Problem to work on »
Return only the lines below starting at the line containing "2025上海汽车芯片展览会有哪些看点，将会带来哪些黑科技？" and ending at the line containing "Maison 6 pièces", both included, exactly as they are and with no pictures.

---------- Material supplied ----------

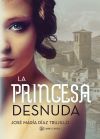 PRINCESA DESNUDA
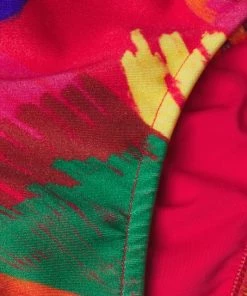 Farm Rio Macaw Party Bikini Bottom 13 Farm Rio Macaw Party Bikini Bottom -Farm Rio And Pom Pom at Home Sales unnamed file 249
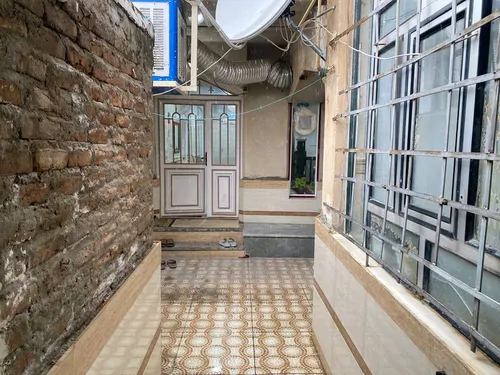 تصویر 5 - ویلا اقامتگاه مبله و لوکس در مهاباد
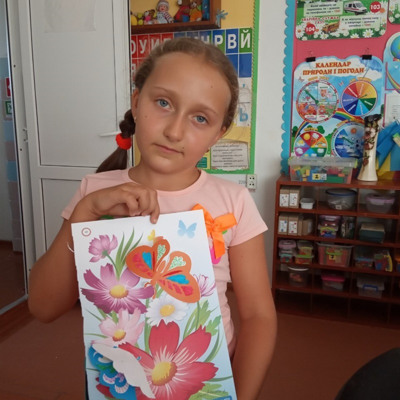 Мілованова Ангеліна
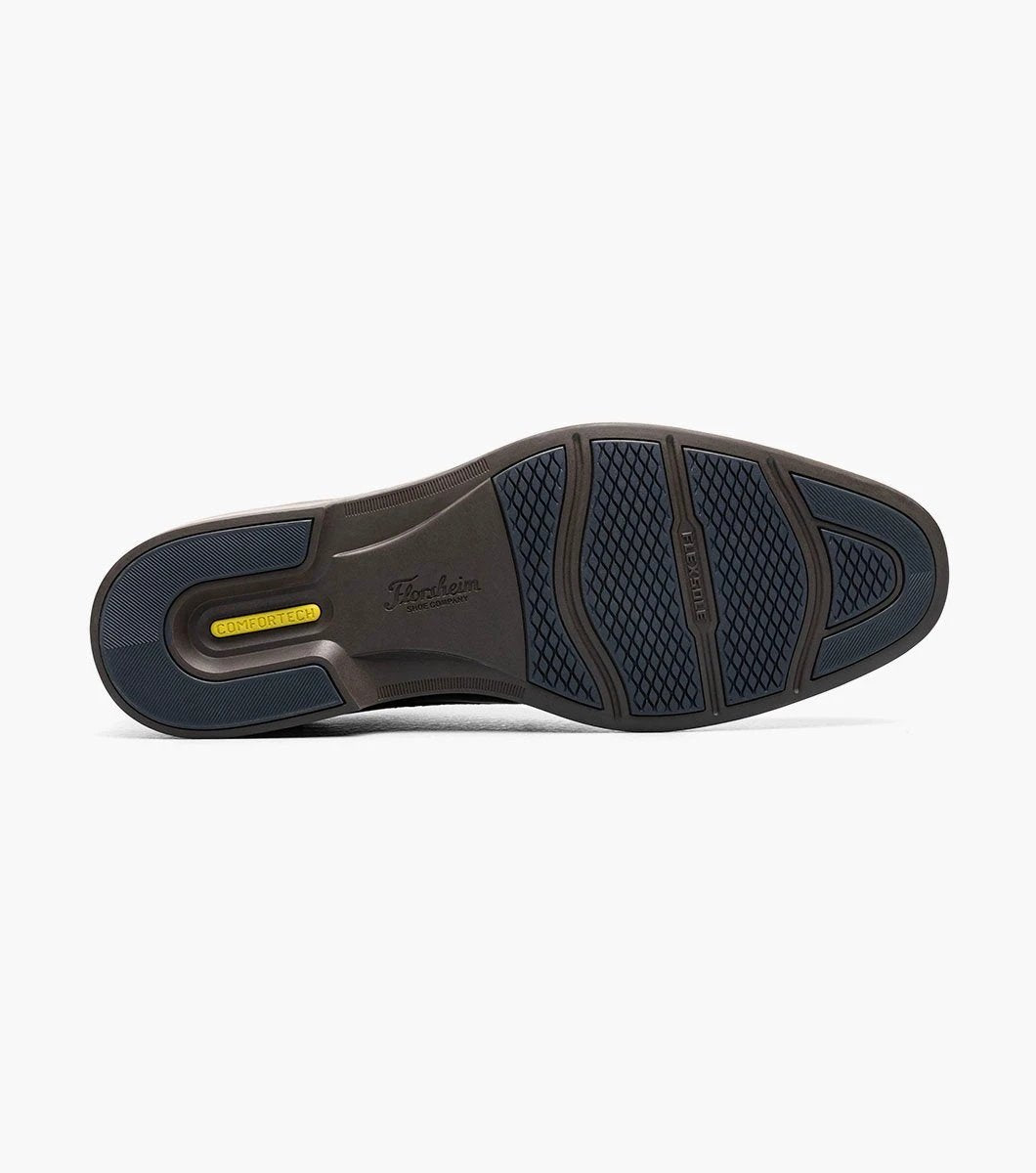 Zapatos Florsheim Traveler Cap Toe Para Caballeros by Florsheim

----------
---------- Material supplied ----------

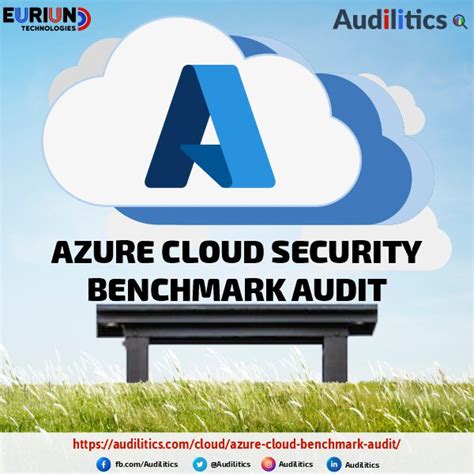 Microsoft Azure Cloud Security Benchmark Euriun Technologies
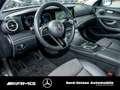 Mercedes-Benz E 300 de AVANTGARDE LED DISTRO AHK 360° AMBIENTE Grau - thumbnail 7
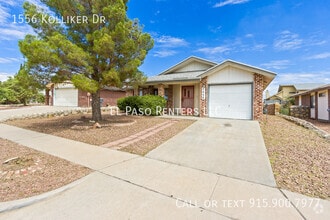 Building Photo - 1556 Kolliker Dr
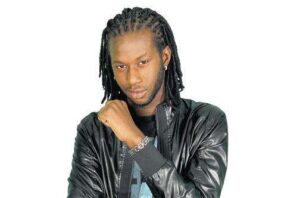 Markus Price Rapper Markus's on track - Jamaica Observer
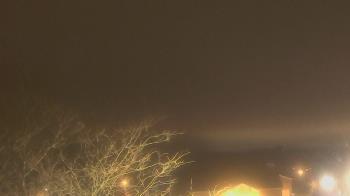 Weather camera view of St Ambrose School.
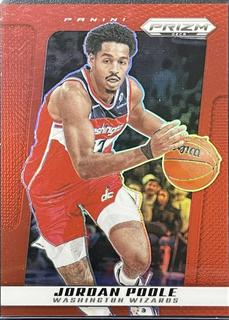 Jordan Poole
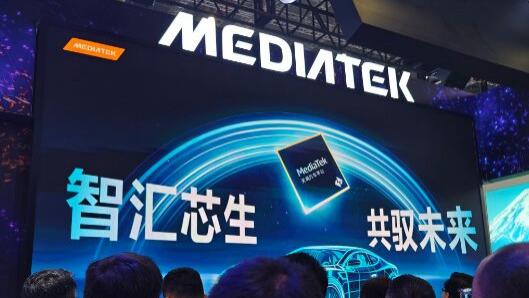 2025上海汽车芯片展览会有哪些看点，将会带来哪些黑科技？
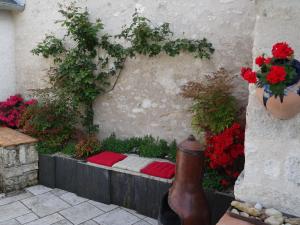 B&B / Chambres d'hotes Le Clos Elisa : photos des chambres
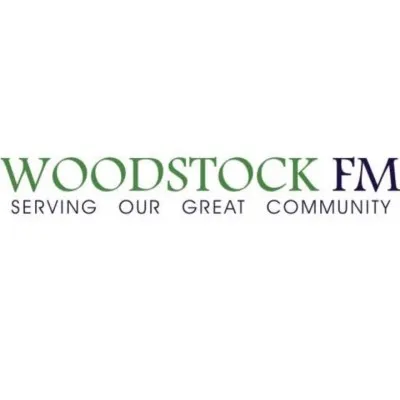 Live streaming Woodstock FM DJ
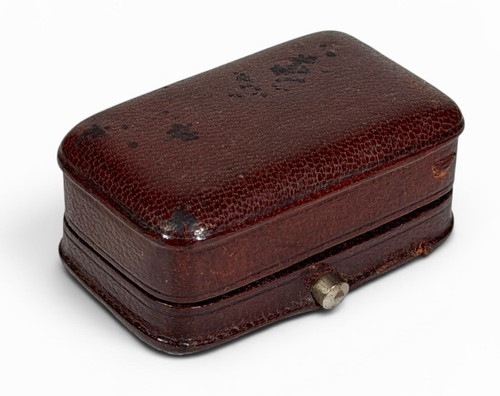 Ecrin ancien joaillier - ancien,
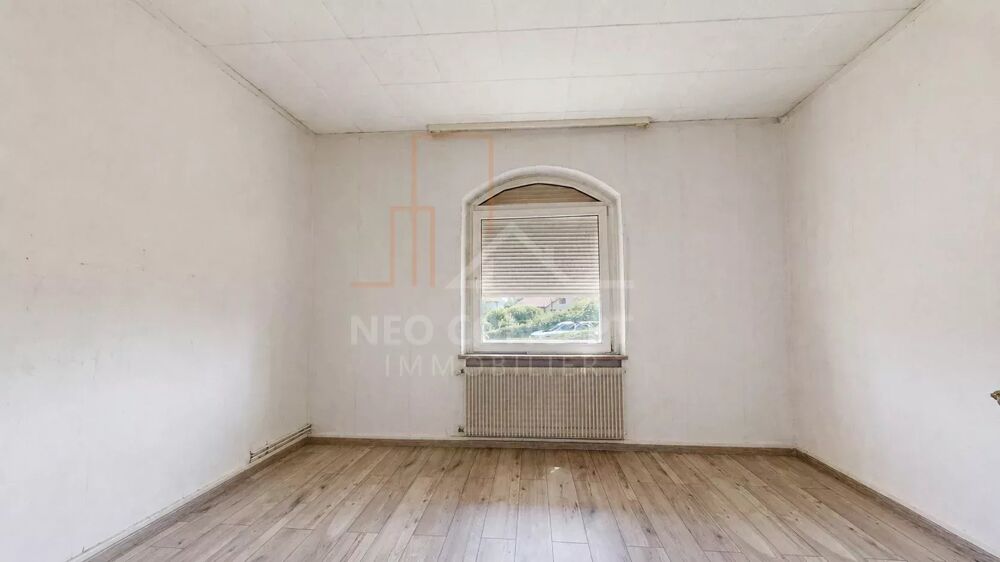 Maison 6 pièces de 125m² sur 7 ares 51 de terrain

----------

Solution to the exercise »
 2025上海汽车芯片展览会有哪些看点，将会带来哪些黑科技？
 B&B / Chambres d'hotes Le Clos Elisa : photos des chambres
 Live streaming Woodstock FM DJ
 Ecrin ancien joaillier - ancien,
 Maison 6 pièces de 125m² sur 7 ares 51 de terrain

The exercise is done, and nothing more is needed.